Namun sungguh ironis, lain lubuk lain ikan, lain padang lain belalang, kenyataan di lapangan menunjukkan hal yang sangat berbeda. Lihat saja peristiwa yang menimpa Iqbal, 8, pasien asal Bireun yang mengalami bocor jantung dan harus dioperasi di rumah sakit Harapan Kita Jakarta. Pihak rumah sakit menolak mengoperasi Iqbal yang menggunakan fasilitas JKA. Malah menganjurkan pasien menggunakan Jamkesmas untuk berobat di sana.
Hal senada juga terjadi di Rumah Sakit Ibu dan Anak (RSIA) Banda Aceh beberapa waktu lalu. Pihak rumah sakit milik pemerintah Aceh itu masih membebankan biaya pendaftaran pasien dan biaya pengambilan obat.
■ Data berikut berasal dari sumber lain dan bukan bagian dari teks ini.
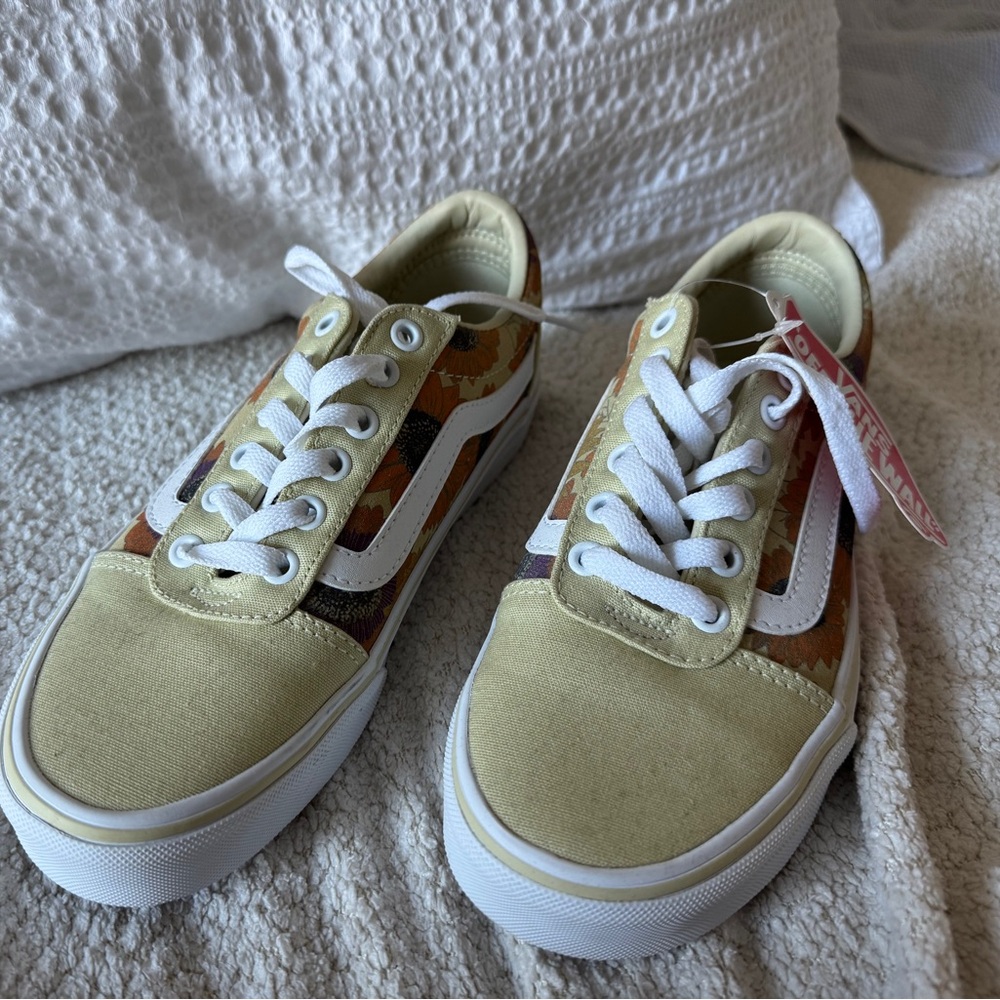 BRAND NEW Vans Sunflower Shoes Hay Beige Womens Size 7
Memang jalan hidup bagi orang miskin sangat berliku, menapaki tanjakan tinggi, menuruni turunan curam dan menghadapi jurang yang begitu dalam. Apakah masyarkat miskin harus terus terjerat dalam ketidakpedulian kita. Mudah-mudahan program JKA ini tidak hanya menjadi angin surga belaka bagi para dhuafa. Semoga.